» SUPPLIED RECORDS:
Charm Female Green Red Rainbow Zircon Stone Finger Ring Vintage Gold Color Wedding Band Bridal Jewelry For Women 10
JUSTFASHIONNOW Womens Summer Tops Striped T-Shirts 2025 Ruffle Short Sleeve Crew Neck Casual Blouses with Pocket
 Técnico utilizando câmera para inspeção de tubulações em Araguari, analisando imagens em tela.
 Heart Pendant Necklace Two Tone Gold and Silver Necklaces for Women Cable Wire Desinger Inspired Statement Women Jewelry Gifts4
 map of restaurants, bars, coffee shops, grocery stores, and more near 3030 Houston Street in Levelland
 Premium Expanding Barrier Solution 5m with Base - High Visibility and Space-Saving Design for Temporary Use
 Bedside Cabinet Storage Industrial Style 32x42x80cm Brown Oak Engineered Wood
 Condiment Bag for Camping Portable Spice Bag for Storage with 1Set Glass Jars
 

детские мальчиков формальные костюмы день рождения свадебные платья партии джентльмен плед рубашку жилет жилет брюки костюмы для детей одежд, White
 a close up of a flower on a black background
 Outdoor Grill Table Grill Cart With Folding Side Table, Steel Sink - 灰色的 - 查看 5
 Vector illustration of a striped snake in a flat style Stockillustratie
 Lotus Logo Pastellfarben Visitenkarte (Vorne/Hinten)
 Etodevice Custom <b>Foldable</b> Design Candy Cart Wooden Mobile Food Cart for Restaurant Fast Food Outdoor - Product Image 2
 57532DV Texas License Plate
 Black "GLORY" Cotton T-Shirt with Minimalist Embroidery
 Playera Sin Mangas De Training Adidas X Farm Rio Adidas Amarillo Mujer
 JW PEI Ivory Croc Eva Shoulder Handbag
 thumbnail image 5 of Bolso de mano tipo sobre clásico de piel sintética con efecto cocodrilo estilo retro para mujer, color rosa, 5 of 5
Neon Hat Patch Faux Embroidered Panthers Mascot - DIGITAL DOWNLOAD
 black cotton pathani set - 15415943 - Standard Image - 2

» TASK TO CARRY OUT: From the material above, copy exactly the lines between the line holding "Técnico utilizando câmera" and the line holding "Bedside Cabinet Storage", inclusive, and only those.

» SOLUTION FOR THIS TASK:
 Técnico utilizando câmera para inspeção de tubulações em Araguari, analisando imagens em tela.
 Heart Pendant Necklace Two Tone Gold and Silver Necklaces for Women Cable Wire Desinger Inspired Statement Women Jewelry Gifts4
 map of restaurants, bars, coffee shops, grocery stores, and more near 3030 Houston Street in Levelland
 Premium Expanding Barrier Solution 5m with Base - High Visibility and Space-Saving Design for Temporary Use
 Bedside Cabinet Storage Industrial Style 32x42x80cm Brown Oak Engineered Wood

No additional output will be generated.